↓↓↓

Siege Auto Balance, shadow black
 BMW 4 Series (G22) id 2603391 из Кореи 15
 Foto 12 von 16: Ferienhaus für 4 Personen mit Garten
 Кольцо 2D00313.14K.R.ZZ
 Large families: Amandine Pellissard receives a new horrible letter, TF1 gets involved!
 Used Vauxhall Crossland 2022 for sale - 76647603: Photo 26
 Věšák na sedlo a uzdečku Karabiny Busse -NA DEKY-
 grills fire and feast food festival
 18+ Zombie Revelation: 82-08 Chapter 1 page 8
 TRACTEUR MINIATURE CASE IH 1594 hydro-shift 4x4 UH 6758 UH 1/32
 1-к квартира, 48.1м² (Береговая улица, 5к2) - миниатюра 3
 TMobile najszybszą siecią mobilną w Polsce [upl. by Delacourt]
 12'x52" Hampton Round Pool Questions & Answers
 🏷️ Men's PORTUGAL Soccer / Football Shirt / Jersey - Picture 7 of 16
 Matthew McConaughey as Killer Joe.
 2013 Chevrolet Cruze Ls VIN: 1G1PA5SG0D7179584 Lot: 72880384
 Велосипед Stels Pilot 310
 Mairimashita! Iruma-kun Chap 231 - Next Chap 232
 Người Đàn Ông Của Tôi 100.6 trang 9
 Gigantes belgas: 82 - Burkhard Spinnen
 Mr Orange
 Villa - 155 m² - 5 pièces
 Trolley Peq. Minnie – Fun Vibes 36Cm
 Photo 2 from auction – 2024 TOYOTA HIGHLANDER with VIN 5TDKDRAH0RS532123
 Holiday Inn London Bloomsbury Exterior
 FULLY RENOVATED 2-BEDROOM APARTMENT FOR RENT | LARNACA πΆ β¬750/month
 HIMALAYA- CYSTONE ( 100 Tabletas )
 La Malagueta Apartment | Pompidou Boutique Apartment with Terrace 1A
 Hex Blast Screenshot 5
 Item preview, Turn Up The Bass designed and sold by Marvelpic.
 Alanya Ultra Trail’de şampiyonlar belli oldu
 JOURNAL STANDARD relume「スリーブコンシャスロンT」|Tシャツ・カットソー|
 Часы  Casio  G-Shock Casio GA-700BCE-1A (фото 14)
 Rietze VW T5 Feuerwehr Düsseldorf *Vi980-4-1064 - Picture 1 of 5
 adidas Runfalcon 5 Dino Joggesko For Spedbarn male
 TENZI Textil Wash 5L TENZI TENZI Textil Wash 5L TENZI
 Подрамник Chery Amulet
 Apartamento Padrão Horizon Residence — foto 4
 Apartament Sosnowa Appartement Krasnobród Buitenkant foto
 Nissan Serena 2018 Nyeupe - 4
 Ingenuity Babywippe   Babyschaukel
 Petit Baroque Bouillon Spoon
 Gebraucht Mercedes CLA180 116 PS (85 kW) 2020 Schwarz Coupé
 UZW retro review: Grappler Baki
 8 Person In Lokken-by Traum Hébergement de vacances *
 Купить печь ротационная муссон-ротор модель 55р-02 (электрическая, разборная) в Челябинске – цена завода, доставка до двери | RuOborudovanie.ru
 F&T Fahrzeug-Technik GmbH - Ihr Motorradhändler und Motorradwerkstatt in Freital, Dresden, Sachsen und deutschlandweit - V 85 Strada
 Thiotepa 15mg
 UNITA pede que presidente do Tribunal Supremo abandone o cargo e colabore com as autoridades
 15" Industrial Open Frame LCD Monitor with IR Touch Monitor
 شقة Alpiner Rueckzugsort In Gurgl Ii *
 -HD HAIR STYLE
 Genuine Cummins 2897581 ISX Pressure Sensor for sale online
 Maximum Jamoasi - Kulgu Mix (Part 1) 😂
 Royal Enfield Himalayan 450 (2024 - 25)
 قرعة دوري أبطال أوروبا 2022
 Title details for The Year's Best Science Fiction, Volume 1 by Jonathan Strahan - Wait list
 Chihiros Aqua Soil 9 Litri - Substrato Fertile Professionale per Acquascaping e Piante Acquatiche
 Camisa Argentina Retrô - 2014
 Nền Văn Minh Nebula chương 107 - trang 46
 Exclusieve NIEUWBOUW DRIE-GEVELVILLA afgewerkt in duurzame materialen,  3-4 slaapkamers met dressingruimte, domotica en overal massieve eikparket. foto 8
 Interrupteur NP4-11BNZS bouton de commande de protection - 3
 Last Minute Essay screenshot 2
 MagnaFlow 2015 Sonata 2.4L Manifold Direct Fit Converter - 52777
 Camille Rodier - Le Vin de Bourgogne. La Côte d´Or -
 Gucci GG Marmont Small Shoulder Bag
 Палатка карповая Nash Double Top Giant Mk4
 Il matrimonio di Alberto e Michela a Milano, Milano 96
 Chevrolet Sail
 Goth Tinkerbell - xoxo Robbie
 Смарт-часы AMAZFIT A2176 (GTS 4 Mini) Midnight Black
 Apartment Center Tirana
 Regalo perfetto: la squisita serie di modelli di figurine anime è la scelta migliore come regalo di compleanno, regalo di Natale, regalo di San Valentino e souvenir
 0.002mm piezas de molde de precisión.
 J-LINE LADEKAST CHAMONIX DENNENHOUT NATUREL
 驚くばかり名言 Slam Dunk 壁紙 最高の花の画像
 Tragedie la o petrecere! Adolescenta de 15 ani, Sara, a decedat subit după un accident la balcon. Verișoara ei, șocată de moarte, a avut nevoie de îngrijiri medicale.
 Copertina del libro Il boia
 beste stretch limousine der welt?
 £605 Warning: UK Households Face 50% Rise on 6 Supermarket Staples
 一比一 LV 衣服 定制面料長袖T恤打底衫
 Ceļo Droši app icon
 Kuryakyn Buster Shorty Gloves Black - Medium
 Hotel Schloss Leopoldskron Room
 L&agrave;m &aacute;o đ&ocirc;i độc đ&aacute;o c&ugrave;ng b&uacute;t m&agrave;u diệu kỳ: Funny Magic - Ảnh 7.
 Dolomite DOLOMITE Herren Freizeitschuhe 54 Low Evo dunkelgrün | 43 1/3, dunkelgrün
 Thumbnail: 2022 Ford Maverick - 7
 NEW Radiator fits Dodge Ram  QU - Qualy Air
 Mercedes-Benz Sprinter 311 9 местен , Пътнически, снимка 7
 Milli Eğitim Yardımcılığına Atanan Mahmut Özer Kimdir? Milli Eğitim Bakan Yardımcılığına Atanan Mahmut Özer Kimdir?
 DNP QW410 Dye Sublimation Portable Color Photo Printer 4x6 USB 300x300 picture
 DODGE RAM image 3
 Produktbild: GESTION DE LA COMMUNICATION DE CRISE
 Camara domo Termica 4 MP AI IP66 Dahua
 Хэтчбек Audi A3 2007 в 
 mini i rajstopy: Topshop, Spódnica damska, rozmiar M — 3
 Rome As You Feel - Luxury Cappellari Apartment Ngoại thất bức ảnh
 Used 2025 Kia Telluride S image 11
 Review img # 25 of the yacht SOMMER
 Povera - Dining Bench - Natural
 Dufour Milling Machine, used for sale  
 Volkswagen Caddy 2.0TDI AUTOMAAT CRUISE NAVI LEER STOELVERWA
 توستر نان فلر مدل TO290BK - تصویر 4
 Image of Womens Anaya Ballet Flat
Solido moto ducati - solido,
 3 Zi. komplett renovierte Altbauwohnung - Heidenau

↑↑↑

**Work task:**
Whenever the string "sale" shows up in a line above, copy that line.

**Exercise response:**
 Used Vauxhall Crossland 2022 for sale - 76647603: Photo 26
 Genuine Cummins 2897581 ISX Pressure Sensor for sale online
 Dufour Milling Machine, used for sale  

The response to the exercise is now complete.